TASK:
Your answer should be the full data, transcribed exactly, with no pictures in it.

════════════════════

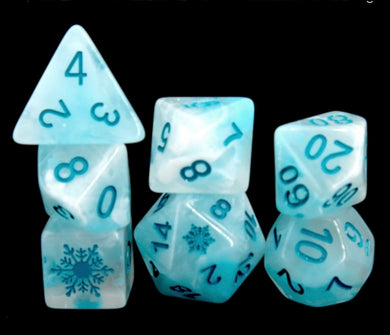 Snowflake Glow (blue)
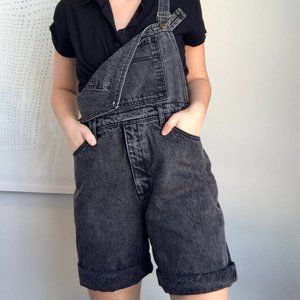 Guess Denim Short Overalls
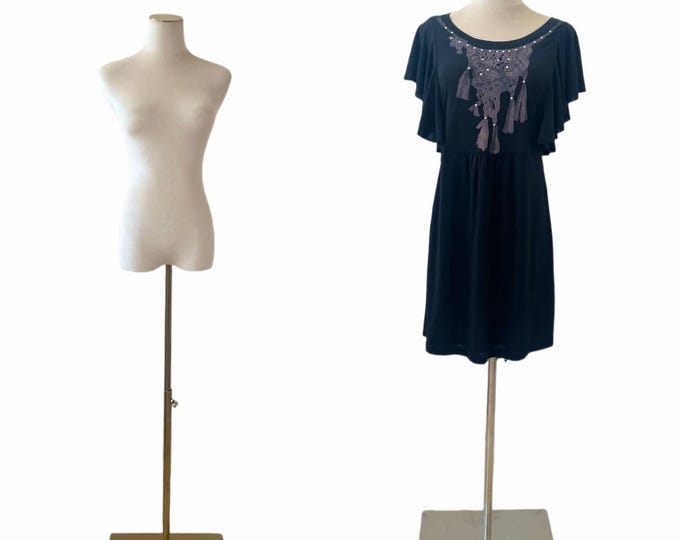 Gold Base Gold Flat Cover Beige Velvet Half Mannequin Female Dress Form Heidi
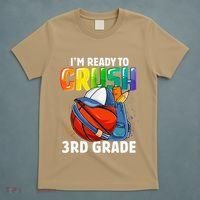 Im Ready To Crush 3rd Grade Basketball Back To School T-Shirt thumb 5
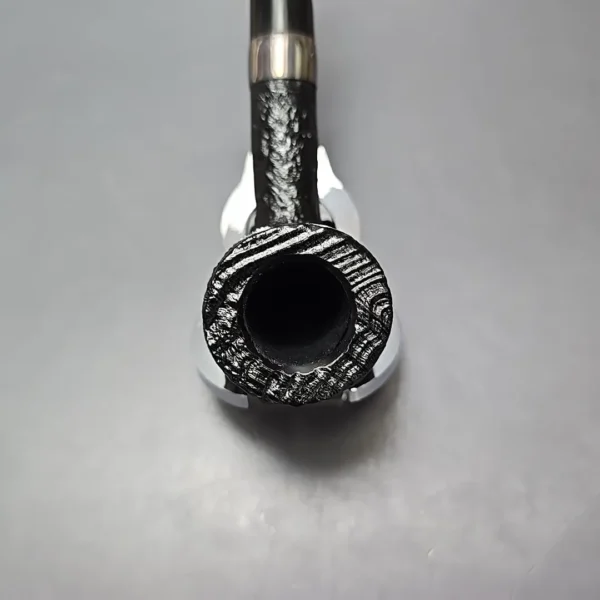 Peterson 2025 St Patrick's Day 106 Sandblasted Billiard w/ Silver Estate Briar Pipe, Unsmoked - Image 9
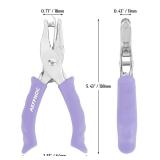 AEFFNOC Single Hole Punch, One Hole Puncher with Soft Grip Handle, 1/4 Inch Paper Hole Punches, Small Hole Punchers with Paper Mess Tray, 6 Sheets Capacity, for Crafts, Scrapbooks (Purple)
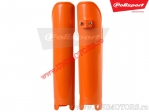 Fork leg protectors (orange) - KTM EXC / EXC-F / EXC 4T Racing ('04-'06) / SX 125 / SX 250 ('03-'07) - Polisport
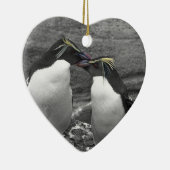 Pinguïn Kleurensplash Keramisch Ornament (Rechts)
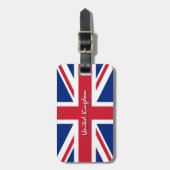キングダム統一されたラゲッジタグ、愛国者英国国旗 ラゲッジタグ (正面縦)
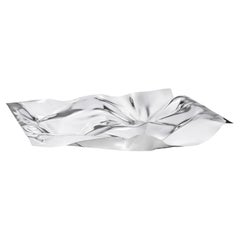 Centro de mesa de plata de ley Georg Jensen 1302, diseñado por Verner Panton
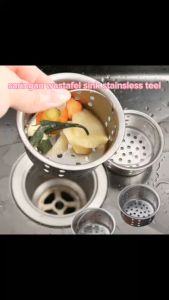 Saringan Wastafel Cuci Piring Stainless Penutup Bak Sink Anti Pecah anti karat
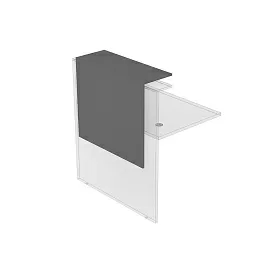 Фартук ресепшн прямой с подсветкой 800х300х700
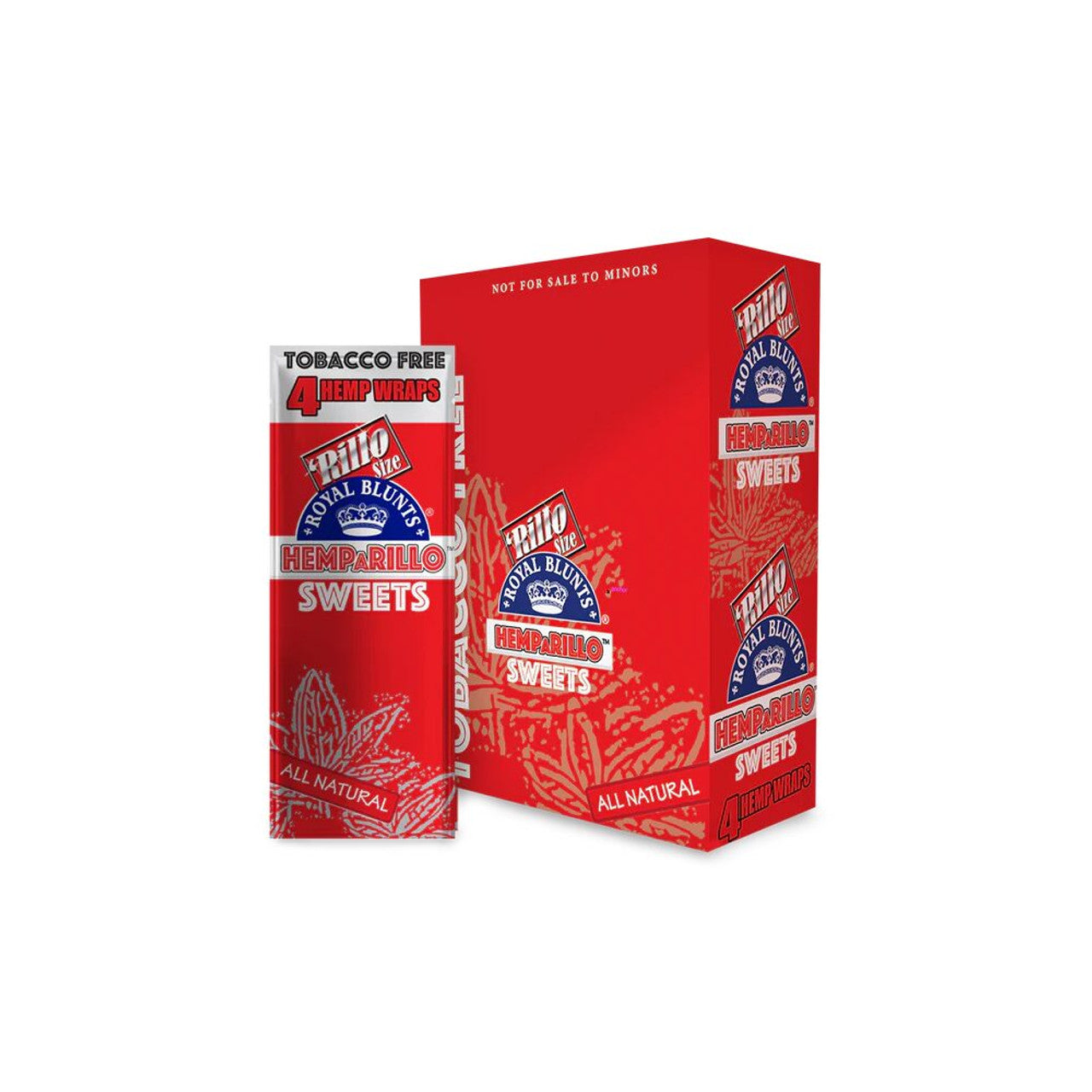 Royal Blunts Hemparillo All Natural (4 Wraps) Sweets with packaging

════════════════════

ANSWER FOR THIS EXERCISE:
 Snowflake Glow (blue)
 Guess Denim Short Overalls
 Gold Base Gold Flat Cover Beige Velvet Half Mannequin Female Dress Form Heidi
 Im Ready To Crush 3rd Grade Basketball Back To School T-Shirt thumb 5
 Peterson 2025 St Patrick's Day 106 Sandblasted Billiard w/ Silver Estate Briar Pipe, Unsmoked - Image 9
 AEFFNOC Single Hole Punch, One Hole Puncher with Soft Grip Handle, 1/4 Inch Paper Hole Punches, Small Hole Punchers with Paper Mess Tray, 6 Sheets Capacity, for Crafts, Scrapbooks (Purple)
 Fork leg protectors (orange) - KTM EXC / EXC-F / EXC 4T Racing ('04-'06) / SX 125 / SX 250 ('03-'07) - Polisport
 Pinguïn Kleurensplash Keramisch Ornament (Rechts)
キングダム統一されたラゲッジタグ、愛国者英国国旗 ラゲッジタグ (正面縦)
 Centro de mesa de plata de ley Georg Jensen 1302, diseñado por Verner Panton
 Saringan Wastafel Cuci Piring Stainless Penutup Bak Sink Anti Pecah anti karat
 Фартук ресепшн прямой с подсветкой 800х300х700
 Royal Blunts Hemparillo All Natural (4 Wraps) Sweets with packaging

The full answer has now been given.